The apparently sudden appearance of nearly modern flowers in the fossil record initially posed such a problem for the theory of evolution that Charles Darwin called it an "abominable mystery". However, the fossil record has considerably grown since the time of Darwin, and recently discovered angiosperm fossils such as Archaefructus, along with further discoveries of fossil gymnosperms, suggest how angiosperm characteristics may have been acquired in a series of steps. Several groups of extinct gymnosperms, in particular seed ferns, have been proposed as the ancestors of flowering plants, but there is no continuous fossil evidence showing exactly how flowers evolved. Some older fossils, such as the upper Triassic Sanmiguelia, have been suggested. Based on current evidence, some propose that the ancestors of the angiosperms diverged from an unknown group of gymnosperms in the Triassic period (245–202 million years ago). Fossil angiosperm-like pollen from the Middle Triassic (247.2–242.0 Ma) suggests an older date for their origin. A close relationship between angiosperms and gnetophytes, proposed on the basis of morphological evidence, has more recently been disputed on the basis of molecular evidence that suggest gnetophytes are instead more closely related to other gymnosperms.
The evolution of seed plants and later angiosperms appears to be the result of two distinct rounds of whole genome duplication events. These occurred at 319 million years ago and 192 million years ago. Another possible whole genome duplication event at 160 million years ago perhaps created the ancestral line that led to all modern flowering plants. That event was studied by sequencing the genome of an ancient flowering plant, Amborella trichopoda, and directly addresses Darwin's "abominable mystery."

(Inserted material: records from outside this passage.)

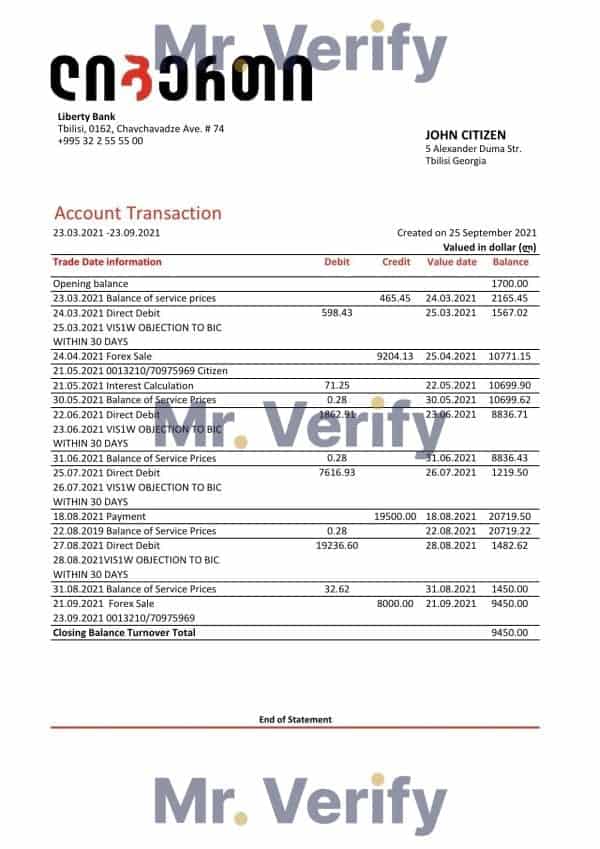 Georgia Liberty Bank statement easy to fill template in Excel and PDF format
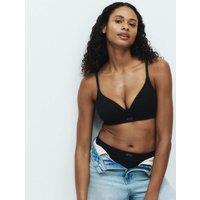 M&S Asta Cotton Blend Non Wired Plunge Bra A-E Black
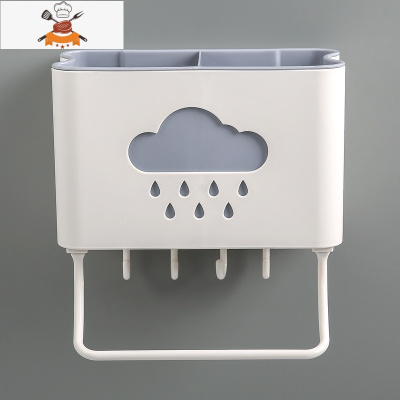 家用筷架筷子筒免打孔壁挂式置物架筷笼厨房沥水筷筒餐具收纳盒 敬平 米白色多功能筷子架[壁挂式]餐具架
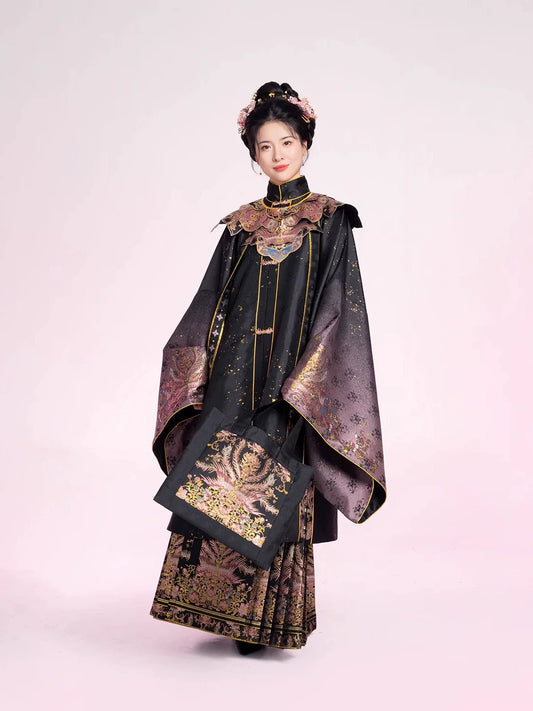 Pink Meteor 粉翠流丹 - Cloud Collar & Mamianqun Ming Dynasty Hanfu Set for Graduation (Preorder)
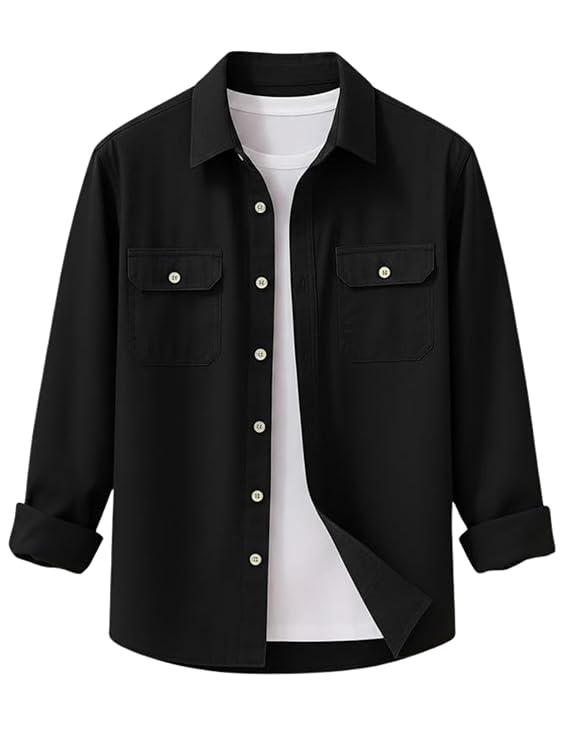 DEELMO Men’s Stylish Cotton Blend Casual Shirt || Full Sleeve Button-Down Shirt with Dual Flap Pockets || Comfortable Breathable Fabric || Perfect for Casual Office and Outing Wear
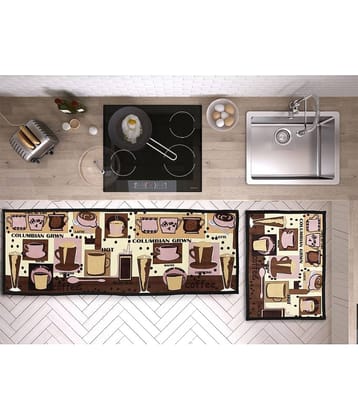 AAZEEM Kitchen Floor Mat & Runner with Anti Skid Backing, Set of 2 (45 x 135 & 45 x 60 cm)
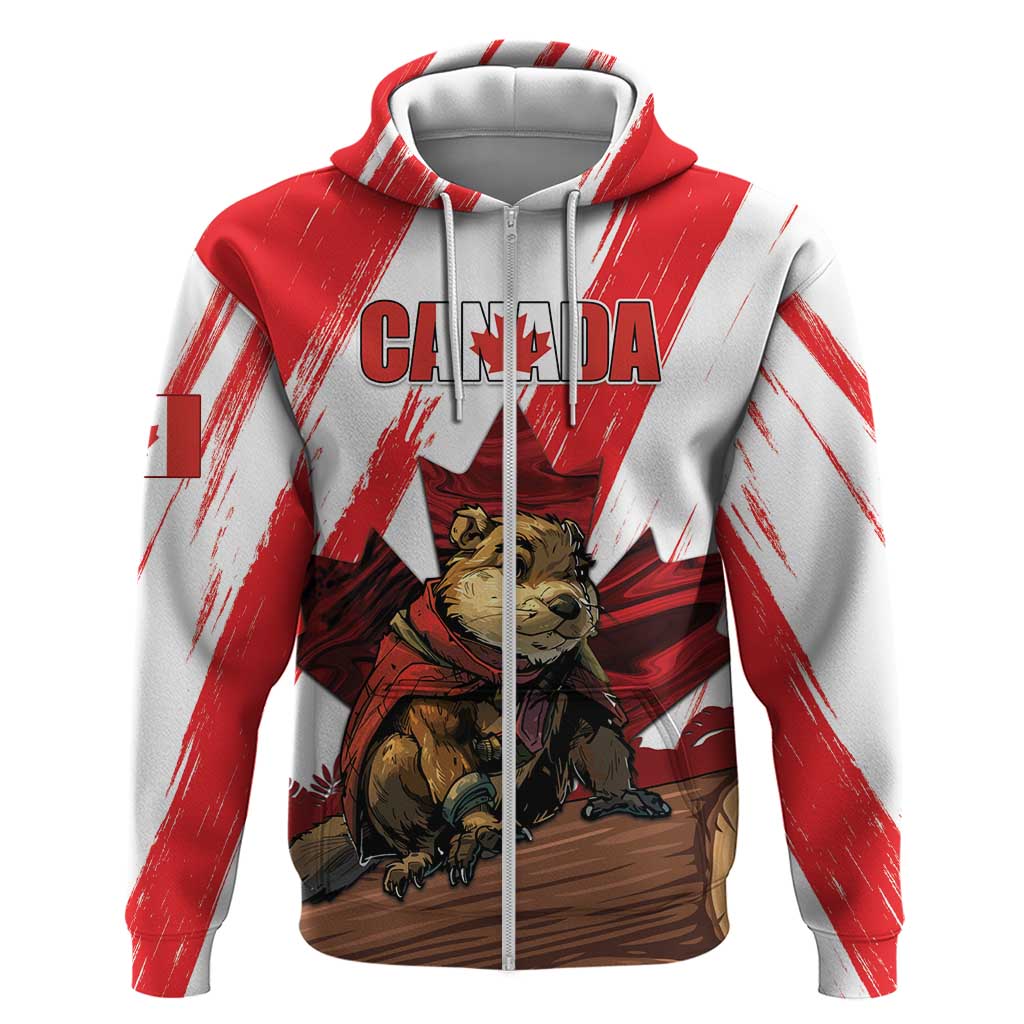 Personalised Canada Beaver Adventurer Hoodie With Maple Leaf DT04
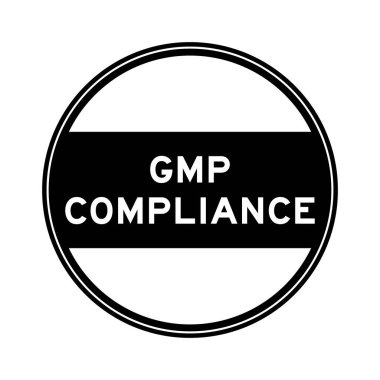 GMP (iyi üretim uygulamasının kısaltması) sözcüğündeki siyah renkli yuvarlak mühür etiketi beyaz arkaplanda uyumluluk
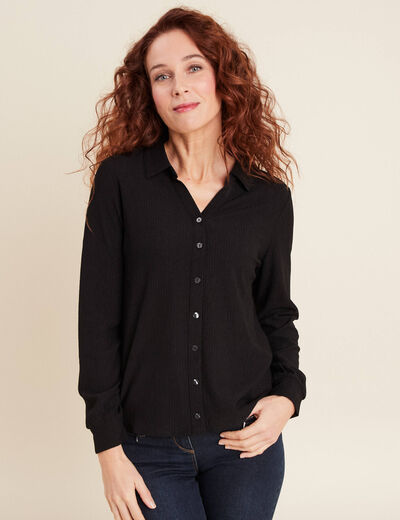 Blouse manches longues noir femme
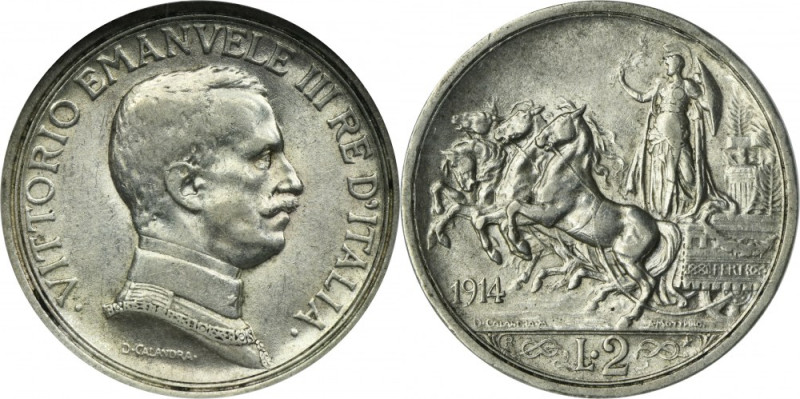 Italy, Victor Emmanuel III, 2 Lira Rome 1914 - GCN AU53 Silver '835'.
 Coin in ...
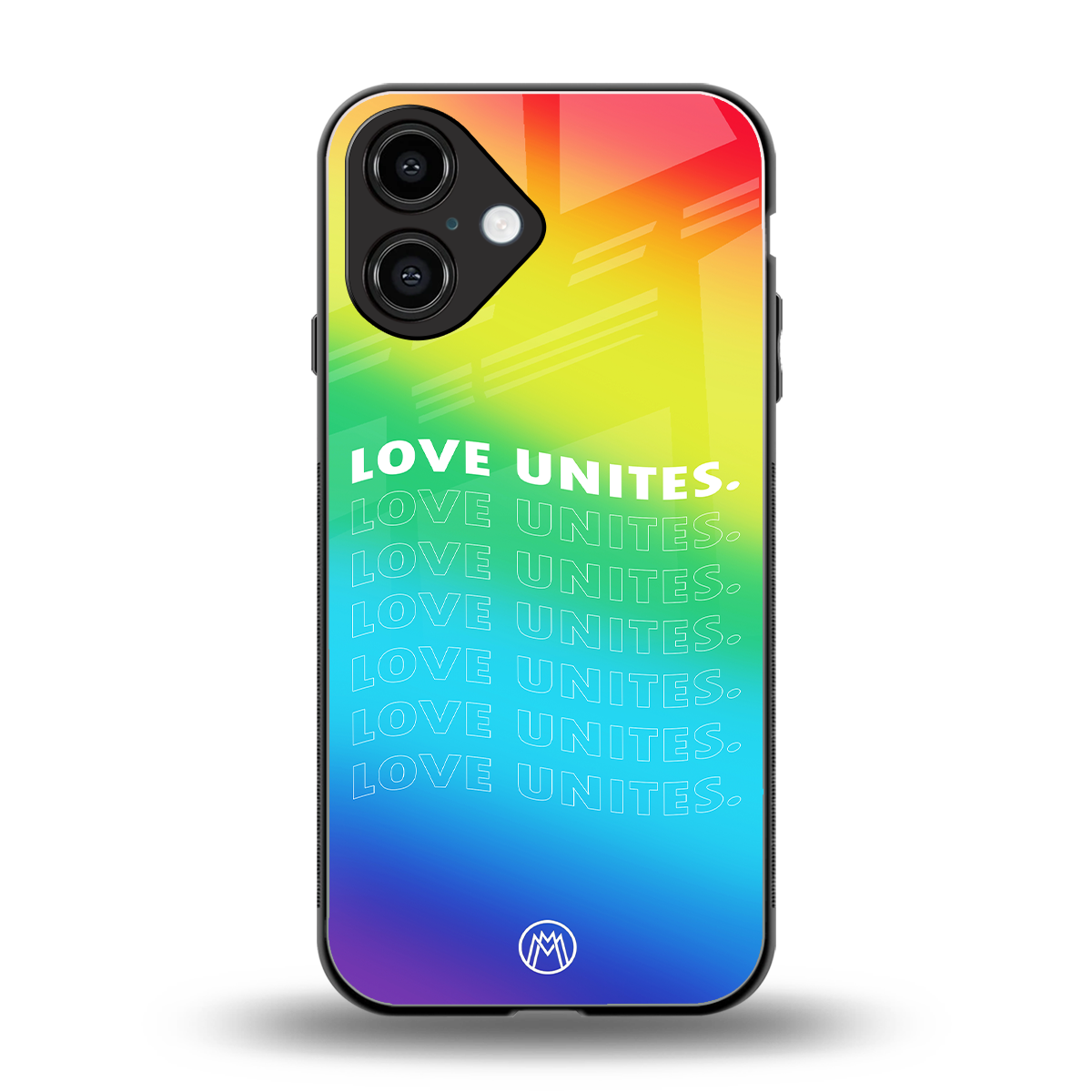 love unites back phone cover | glass case for iphone 16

The earliest known macrofossil confidently identified as an angiosperm, Archaefructus liaoningensis, is dated to about 125 million years BP (the Cretaceous period), whereas pollen considered to be of angiosperm origin takes the fossil record back to about 130 million years BP. However, one study has suggested that the early-middle Jurassic plant Schmeissneria, traditionally considered a type of ginkgo, may be the earliest known angiosperm, or at least a close relative. In addition, circumstantial chemical evidence has been found for the existence of angiosperms as early as 250 million years ago. Oleanane, a secondary metabolite produced by many flowering plants, has been found in Permian deposits of that age together with fossils of gigantopterids. Gigantopterids are a group of extinct seed plants that share many morphological traits with flowering plants, although they are not known to have been flowering plants themselves.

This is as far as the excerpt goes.